Mallon would have loved to have witnessed the Biden/Harris inauguration. He knew Biden well and he would have been impressed by the dynamic Kamala Harris, in much the same way he was proud of his namesake, Nichola Mallon, as a leader and a voice of the future.

Biden may be 78 but he is just what America needs at this time of division. A fatherly figure for the nation. A man who personally experienced hurt and loss and who is capable of sharing the hope which follows.

The entire theme of the Biden speech was about reconciliation, debate not discord, the richness of diversity and the binds of nationhood which unite citizens not divide them.

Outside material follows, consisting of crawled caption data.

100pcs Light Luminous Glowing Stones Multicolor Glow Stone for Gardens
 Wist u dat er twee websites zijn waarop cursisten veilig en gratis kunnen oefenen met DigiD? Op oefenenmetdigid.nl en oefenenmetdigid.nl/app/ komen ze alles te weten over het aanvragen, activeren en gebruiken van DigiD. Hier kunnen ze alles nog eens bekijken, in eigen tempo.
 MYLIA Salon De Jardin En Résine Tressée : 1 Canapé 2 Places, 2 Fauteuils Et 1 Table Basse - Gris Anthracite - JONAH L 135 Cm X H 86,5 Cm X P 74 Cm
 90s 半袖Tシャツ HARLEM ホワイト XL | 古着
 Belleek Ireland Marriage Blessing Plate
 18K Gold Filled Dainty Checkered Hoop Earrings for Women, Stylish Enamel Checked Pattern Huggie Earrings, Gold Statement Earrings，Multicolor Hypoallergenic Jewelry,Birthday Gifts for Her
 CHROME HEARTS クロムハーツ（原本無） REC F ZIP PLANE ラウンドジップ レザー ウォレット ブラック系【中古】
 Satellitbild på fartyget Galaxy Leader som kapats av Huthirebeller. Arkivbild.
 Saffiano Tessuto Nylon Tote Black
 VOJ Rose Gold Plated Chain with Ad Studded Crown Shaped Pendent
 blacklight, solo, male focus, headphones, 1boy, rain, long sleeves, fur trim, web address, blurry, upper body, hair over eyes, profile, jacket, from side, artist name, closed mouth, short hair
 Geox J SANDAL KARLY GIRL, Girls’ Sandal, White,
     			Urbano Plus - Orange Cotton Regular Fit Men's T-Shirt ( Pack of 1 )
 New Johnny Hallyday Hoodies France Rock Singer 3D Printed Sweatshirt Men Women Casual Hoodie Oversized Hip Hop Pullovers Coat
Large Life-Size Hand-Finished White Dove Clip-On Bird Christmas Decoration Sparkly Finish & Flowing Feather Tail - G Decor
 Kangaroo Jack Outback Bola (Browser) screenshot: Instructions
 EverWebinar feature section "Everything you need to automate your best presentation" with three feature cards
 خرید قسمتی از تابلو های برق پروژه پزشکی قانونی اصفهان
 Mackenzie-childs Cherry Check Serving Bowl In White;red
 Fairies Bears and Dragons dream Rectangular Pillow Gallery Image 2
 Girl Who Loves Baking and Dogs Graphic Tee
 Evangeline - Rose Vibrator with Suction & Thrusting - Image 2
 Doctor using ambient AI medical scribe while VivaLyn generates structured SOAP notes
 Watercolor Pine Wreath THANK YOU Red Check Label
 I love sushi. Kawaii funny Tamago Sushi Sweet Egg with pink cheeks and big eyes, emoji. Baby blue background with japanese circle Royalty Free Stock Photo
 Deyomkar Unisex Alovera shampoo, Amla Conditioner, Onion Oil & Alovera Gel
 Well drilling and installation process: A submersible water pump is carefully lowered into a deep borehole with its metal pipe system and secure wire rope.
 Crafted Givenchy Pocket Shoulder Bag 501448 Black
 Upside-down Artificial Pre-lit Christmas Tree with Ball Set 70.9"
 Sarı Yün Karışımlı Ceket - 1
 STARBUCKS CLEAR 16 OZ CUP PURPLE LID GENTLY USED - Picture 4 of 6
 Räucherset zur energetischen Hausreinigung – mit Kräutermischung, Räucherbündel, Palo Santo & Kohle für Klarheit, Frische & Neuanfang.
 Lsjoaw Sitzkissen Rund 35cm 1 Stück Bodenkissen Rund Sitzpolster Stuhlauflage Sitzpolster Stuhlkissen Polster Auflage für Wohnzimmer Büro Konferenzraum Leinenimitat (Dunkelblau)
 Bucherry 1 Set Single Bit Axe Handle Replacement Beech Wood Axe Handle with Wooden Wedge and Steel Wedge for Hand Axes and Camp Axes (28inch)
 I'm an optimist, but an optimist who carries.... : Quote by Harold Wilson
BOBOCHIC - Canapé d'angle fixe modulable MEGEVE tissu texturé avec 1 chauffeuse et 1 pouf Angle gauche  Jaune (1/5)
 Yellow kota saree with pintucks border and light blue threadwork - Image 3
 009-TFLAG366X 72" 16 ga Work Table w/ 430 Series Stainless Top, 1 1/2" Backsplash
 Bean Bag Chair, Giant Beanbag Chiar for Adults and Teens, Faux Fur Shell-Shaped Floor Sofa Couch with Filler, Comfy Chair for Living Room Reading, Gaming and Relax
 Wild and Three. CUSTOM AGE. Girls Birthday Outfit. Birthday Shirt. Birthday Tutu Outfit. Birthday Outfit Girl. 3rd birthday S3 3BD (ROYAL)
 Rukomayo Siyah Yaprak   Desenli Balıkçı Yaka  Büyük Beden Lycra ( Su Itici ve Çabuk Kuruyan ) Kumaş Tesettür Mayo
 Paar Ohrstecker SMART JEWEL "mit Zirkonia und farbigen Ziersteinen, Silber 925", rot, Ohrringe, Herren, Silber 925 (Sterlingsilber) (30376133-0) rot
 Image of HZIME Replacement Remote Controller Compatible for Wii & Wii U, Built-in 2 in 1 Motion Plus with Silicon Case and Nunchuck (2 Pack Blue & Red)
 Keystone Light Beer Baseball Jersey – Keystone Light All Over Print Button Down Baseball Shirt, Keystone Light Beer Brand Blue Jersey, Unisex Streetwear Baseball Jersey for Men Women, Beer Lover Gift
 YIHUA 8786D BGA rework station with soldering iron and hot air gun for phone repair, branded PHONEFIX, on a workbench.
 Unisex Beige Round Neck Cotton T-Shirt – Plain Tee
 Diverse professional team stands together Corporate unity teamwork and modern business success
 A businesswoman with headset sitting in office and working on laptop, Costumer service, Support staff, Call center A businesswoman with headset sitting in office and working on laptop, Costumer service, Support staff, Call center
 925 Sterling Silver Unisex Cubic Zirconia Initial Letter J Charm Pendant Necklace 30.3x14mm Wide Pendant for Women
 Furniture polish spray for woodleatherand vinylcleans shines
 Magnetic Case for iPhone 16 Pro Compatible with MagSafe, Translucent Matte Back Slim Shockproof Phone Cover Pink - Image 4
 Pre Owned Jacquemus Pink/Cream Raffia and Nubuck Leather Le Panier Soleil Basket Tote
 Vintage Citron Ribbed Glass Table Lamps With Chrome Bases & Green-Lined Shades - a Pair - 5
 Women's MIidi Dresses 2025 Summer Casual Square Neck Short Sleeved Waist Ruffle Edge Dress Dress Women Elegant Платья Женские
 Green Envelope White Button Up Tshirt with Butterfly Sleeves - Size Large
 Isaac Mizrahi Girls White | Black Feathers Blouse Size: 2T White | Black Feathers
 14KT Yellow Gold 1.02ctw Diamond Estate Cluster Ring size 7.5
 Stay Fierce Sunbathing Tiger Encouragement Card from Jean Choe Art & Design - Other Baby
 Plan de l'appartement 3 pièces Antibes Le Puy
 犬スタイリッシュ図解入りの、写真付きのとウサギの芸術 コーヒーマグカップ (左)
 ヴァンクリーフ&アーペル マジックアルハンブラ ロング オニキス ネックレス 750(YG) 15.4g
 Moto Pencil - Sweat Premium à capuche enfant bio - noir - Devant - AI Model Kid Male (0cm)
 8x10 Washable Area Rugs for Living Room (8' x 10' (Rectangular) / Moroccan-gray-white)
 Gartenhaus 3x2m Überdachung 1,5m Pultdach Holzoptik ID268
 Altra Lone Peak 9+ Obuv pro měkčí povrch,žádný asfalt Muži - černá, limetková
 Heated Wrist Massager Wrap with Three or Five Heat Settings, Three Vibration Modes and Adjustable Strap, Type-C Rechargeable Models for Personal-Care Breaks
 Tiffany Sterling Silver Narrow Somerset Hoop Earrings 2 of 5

Mallon in one of his final interviews said he primarily got into politics ‘to help people particularly in a divided society”. Biden’s words, “Some days we need a hand” and on others “we are called to lend one”, would have very much resonated with Seamus.

Mallon understood the concept of trying to stand in the shoes of the other person. His biography is testimony to that.

Biden’s career has been very much one of bi-partisanship. He has little time for the political rancour and bitterness so evidenced by the Trumpian dominance of the Republican Party over the past four years.

Because of his advanced years Biden is a man in a hurry. He can unravel the nastiness of the Trump legislation but he will have to work much harder to win hearts and minds of those at odds with facts and science and who are detached from reality and government. He may not succeed because whilst the vast majority of the millions of Republicans who voted for Trump are not bigots or racists, those who are need to be rooted out. Political parties should not give ground cover to fanaticism and fascism.

To hear in 2021 an inauguration speech which called out white supremacy and domestic terrorism was both reassuring but also disconcerting. As Biden said, there is a huge chasm between the American ideal about everyone being created equal and the “harsh, ugly reality” of ingrained racism and nativism.

Thirty five years ago Seamus Mallon addressed the House of Commons and quoting Spinoza said: “Peace is not an absence of war. It is a state of mind, a benevolence, confidence and justice.”

Biden now aspires to a similar sense of benevolence.